* Collected data:
☆ ☆ ☆ ☆

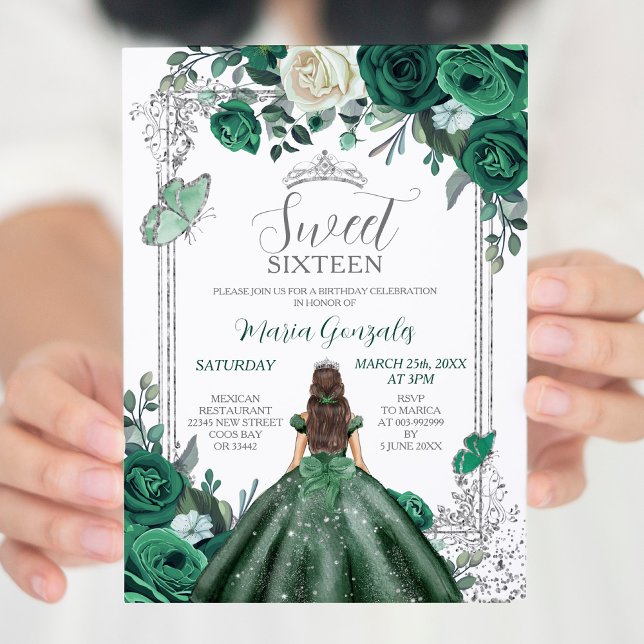 Invitación Dulce Dieciséis cumpleaños verde esmeralda y plate (Subido por el creador)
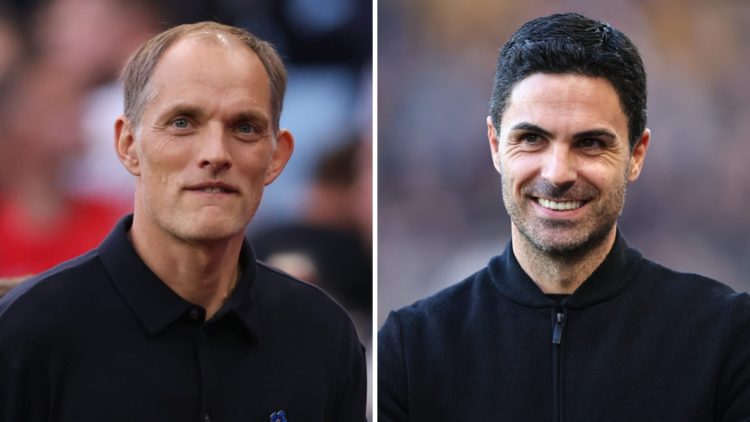 A split image of England manager Thomas Tuchel looking on during a match alongside Arsenal boss MIkel Arteta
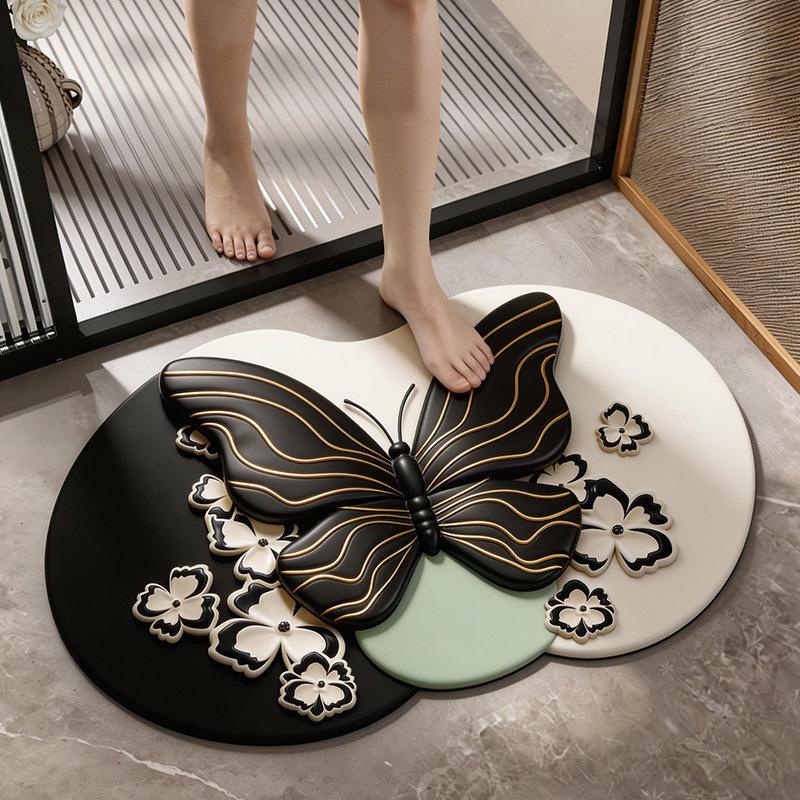 Light Luxury 3D Floral Irregular Shape Diatom Mud Floor Mat - Water-Absorbent, Quick-Drying, Easy Care for Bathroom/Toilet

☆ ☆ ☆ ☆

* Task requirements: All of the material should be written out again exactly, apart from the pictures.

* Answer area:
 Invitación Dulce Dieciséis cumpleaños verde esmeralda y plate (Subido por el creador)
 A split image of England manager Thomas Tuchel looking on during a match alongside Arsenal boss MIkel Arteta
 Light Luxury 3D Floral Irregular Shape Diatom Mud Floor Mat - Water-Absorbent, Quick-Drying, Easy Care for Bathroom/Toilet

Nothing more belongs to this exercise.